A study that was published by the European Society of Human Reproduction and Embryology found that children of single mothers are no more likely to suffer later in life than kids raised by a mother and a father “in terms of parent-child relationship or child development.”
Researchers from the University of Amsterdam looked at 69 “single-mothers-by-choice.” By that, they meant women who knowingly chose to raise their child alone. The researchers also looked at 59 mothers from heterosexual two-parent families. All of the parents in the study had children between the ages of 1.5 years of age and 6 years of age.
In addition, the parent-child relationships, mothers’ social support network, and children’s well-being were compared between family types according to three valuated questionnaires. The analysis drew there main conclusions:
* There were no differences in emotional involvement or parental stress between family types.
* Single-mothers-by-choice showed significantly higher scores on the social support they received, but also on wanting more social support.
* There were no significant differences in the children’s internal and external problem behavior (well-being) between both family types.
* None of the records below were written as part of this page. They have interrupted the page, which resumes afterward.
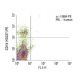 CD19 Antibody (HD237) - Flow Cytometry - Image 11471 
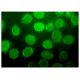 Nup50 Antibody (B-6) - Immunofluorescence - Image 314844 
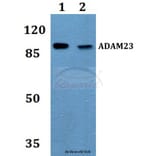 Anti-ADAM23 Antibody from Bioworld Technology (BS60091) - Antibodies.com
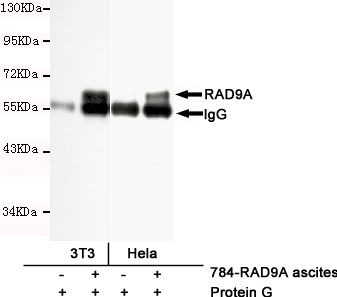 RAD9A / RAD9 Antibody - Immunoprecipitation analysis of HeLa and 3T3 cell lysates using RAD9A mouse monoclonal antibody.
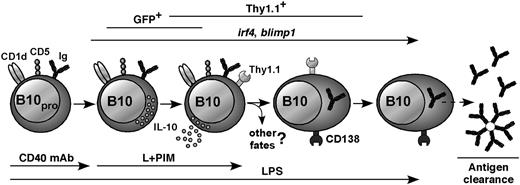 FIGURE 7. Model for B10 cell maturation and Ab production. Transient B10 cell IL-10 production parallels GFP expression in IL-10 reporter mice, whereas cell surface Thy1.1 expression is observed later and accumulates over time. Although other B10 cell fates are possible, some spleen B10 cells differentiate into ASCs that predominantly produce IgM. Ab production by B10-derived B cells may constitute a second wave of humoral regulation during immune responses.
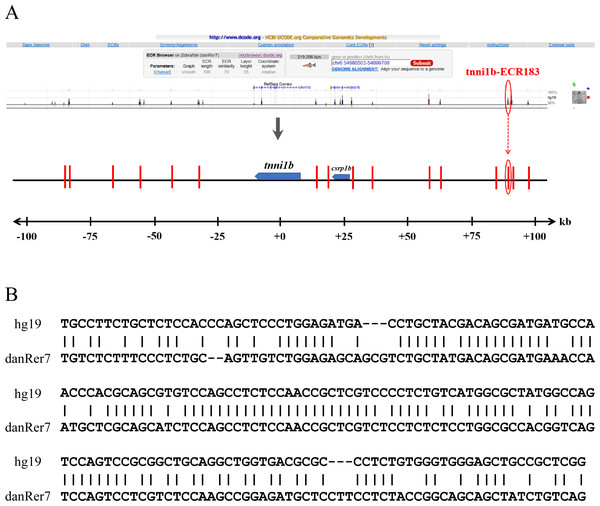 Comparative analysis of the genomic loci of tnni1b.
Based upon these results, investigator Mathilde Brewaeys from the Centre of Expertise on Gender Dysphoria of the VU University Medical Centre, Amsterdam, reported that children growing up with single-mothers-by-choice appeared to enjoy a similar parent-child relationship as those in heterosexual two-parent families.
She also noted that having a strong social network is of crucial importance. The support systems welcomed by the single mothers in the study were either informal or formal. The formal examples could be parents, other family, friends, neighbors, or a nanny. The informal examples included teachers, family doctors, pediatricians, television programs, or articles about child rearing.
It appears that one of the reasons the study was done was because there is an assumption that growing up in a family without a father is not good for the child. This assumption is based on research into children whose parents started out as a heterosexual two-parent family, but then got divorced. The children experienced parental conflict.
The new study included single-mothers-by-choice (not mothers who became single as a result of divorce.) Ms. Brewaeys concluded that any negative influence on child development depends more on a troubled parent-child relationship, and not on the absence of the father.